Thursday, November 05, 2015

US: Feeding the War Machine
November 6, 2015
Robert Fantina
Correspondent

Recent revelations show conclusively that the United States government’s desire to overthrow Syrian president Bashar al-Assad led it to support radical militants who are now ISIL (Islamic State of Iraq and the Levant), who the US is now also fighting.

This is not a new phenomenon; the US is forever creating and arming deadly monsters, and then fighting them. This is excellent business for both US weapons manufacturers, and undertakers around the world.

Let’s look at a just two earlier examples.

In the late 1950s, the US supported Abdel Karim Kassem in Iraq. However, by 1961, he had fallen into disfavour with the US, mainly because he was beginning to challenge US dominance in the Middle East. So the US armed Kurdish rebels, and in 1963 Mr Kassem was overthrown and executed.

With the government and media still portraying Communism as the big, bad wolf, the US decided to support and arm the anti-Communist Ba’ath party, working closely with an up and coming party member, Saddam Hussein.

Forty years later, the US launched its deadly and illegal war to replace Mr Hussein.

When Russia invaded Afghanistan in 1979, the US, not wanting the Soviets to expand their influence, supported radical Islamic extremists with training and weaponry.

After several years, the mujahedeen (fanatical Islamic ‘holy warriors’) were successful in defeating the Russians. Yet, having done the US’s dirty work, they were not willing to turn the country over to a US -appointed puppet government. The mujahedeen evolved into the Taliban, which the US has now been fighting in the longest war in its history.

The public reason for supporting these radical groups is always that they are freedom fighters, innocent men and women who only want to live in a free, democratic society, and who are prevented from doing so by a cruel, oppressive government.

Were that the case, the US would have been arming the Palestinians and not the Israelis, but that is a topic for another essay. Let’s look at a quotation from a recently-declassified Pentagon report: “. . . there is the possibility of establishing a declared or undeclared Salafist Principality in eastern Syria (Hasaka and Der Zor), and this is exactly what the supporting powers to the opposition want, in order to isolate the Syrian regime, which is considered the strategic depth of the Shia expansion (Iraq and Iran).”

The risks of such an action were not unknown: “ISI could also declare an Islamic State through its union with other terrorist organisations in Iraq and Syria, which will create grave danger in regards to unifying Iraq and the protection of territory.

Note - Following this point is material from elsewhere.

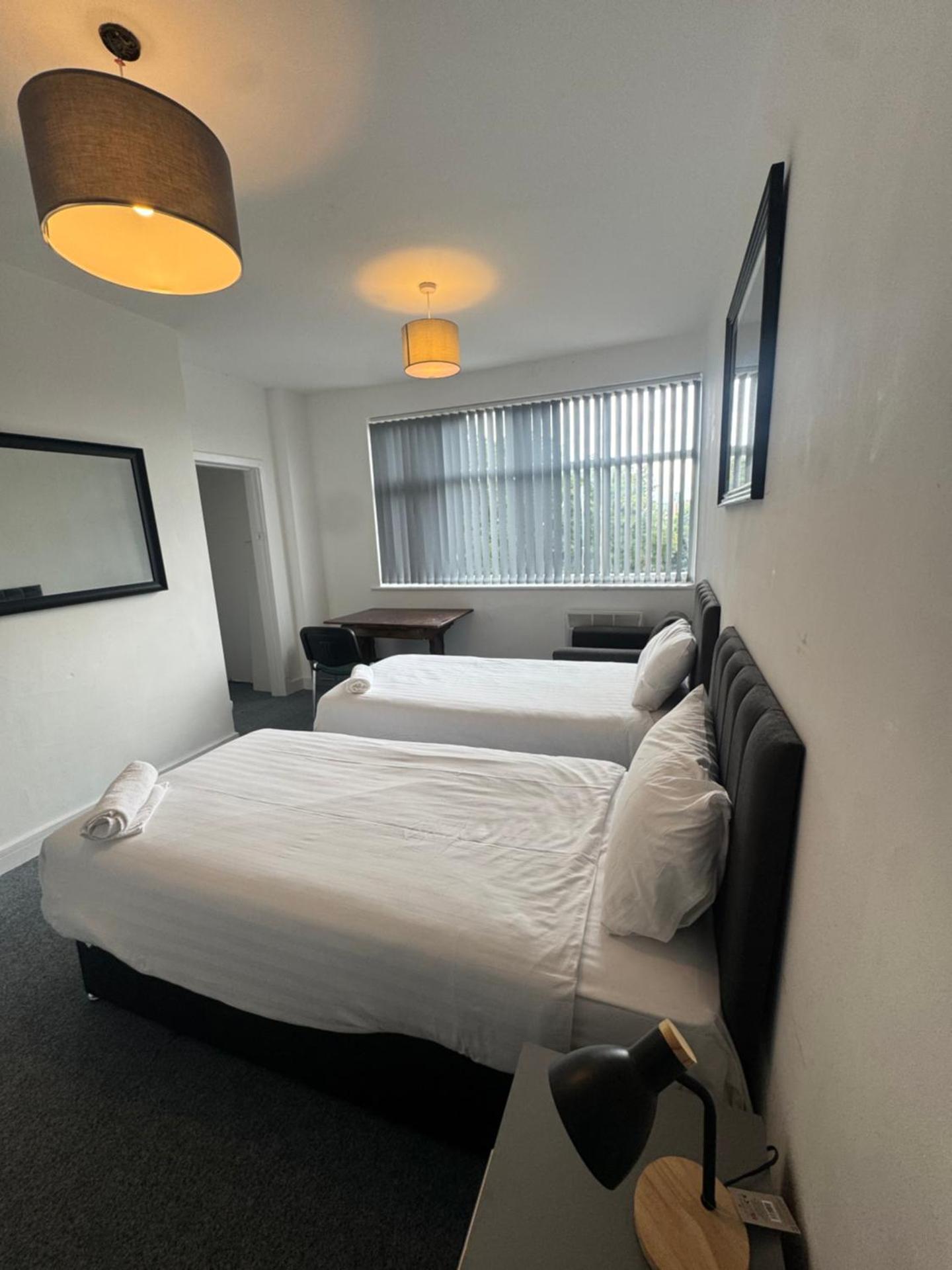 The Bake Apartment - 5 bedroom Large Apartment sleeps up to 16 person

But is unifying Iraq and protecting the territory ever what the US wanted?

The concept of peace is anathema to policy makers, who garner so much support from weapons manufacturers.

By supporting the radicals attempting to overthrow the Syrian government, and then fighting them at the same time, weapons can be sold to all and sundry.

No need to take sides; let the weapons flow out, and the money flow in!

Lest one be horrified at the suggestion that the US doesn’t take sides, and that it is willing to make a buck from anyone it can, regardless of whose blood that buck is soaked in, let us look at just some of the business dealings the US government approved of when it was fighting the Nazis during World War II, as reported by Charles Higham in Trading with the Enemy: The Nazi-American Money Plot 1933 — 1949.

ITT: Provided support throughout the war to improve Germany’s communications equipment, including submarine and ship phones, and aircraft intercoms.

Ford Motor Company: Provided supplies for the 5-ton trucks that were the backbone of Germany army transportation.

Standard Oil of California: In 1940, its chairman, Torkild Rieber, said this: “If the Germans ever catch [any of my ships] carrying oil to the Allies they will have my hearty permission to fire a torpedo into her”.

These business dealings required US government approval, as designated by an amendment to the 1917 ‘Trading with the Enemy’ act.

The agreement, in part, reads thus: “A general license is hereby granted, licensing any transaction or act proscribed by Section 3(a) of The Trading with the Enemy Act, as amended, provided, however, that such transaction or act is authorised by the Secretary of the Treasury by means of regulations, rulings, instructions, licenses or otherwise, pursuant to the Executive order No. 8983, as amended”.

So while US soldiers were fighting German atrocities, US companies were helping to kill them.

Today, US bombs are killing people in the Middle East who are rampaging across the area with weaponry provided by the US. They have forgotten that their role was to overthrow Mr Assad, so the US could install a puppet government in Syria.

One has to wonder if the US will ever learn that arming radical groups to overthrow governments is never a good idea. Of course, for the US, it may be fine, considering the huge profits in weapons dealings when one is arming both sides. And with the corporate-owned media encouraging hatred of Muslims, bombing them doesn’t bring about much resistance in the US.

So history, as it is wont to do, once again repeats itself. And US terrorism continues to rack up both phenomenal profits and untold suffering.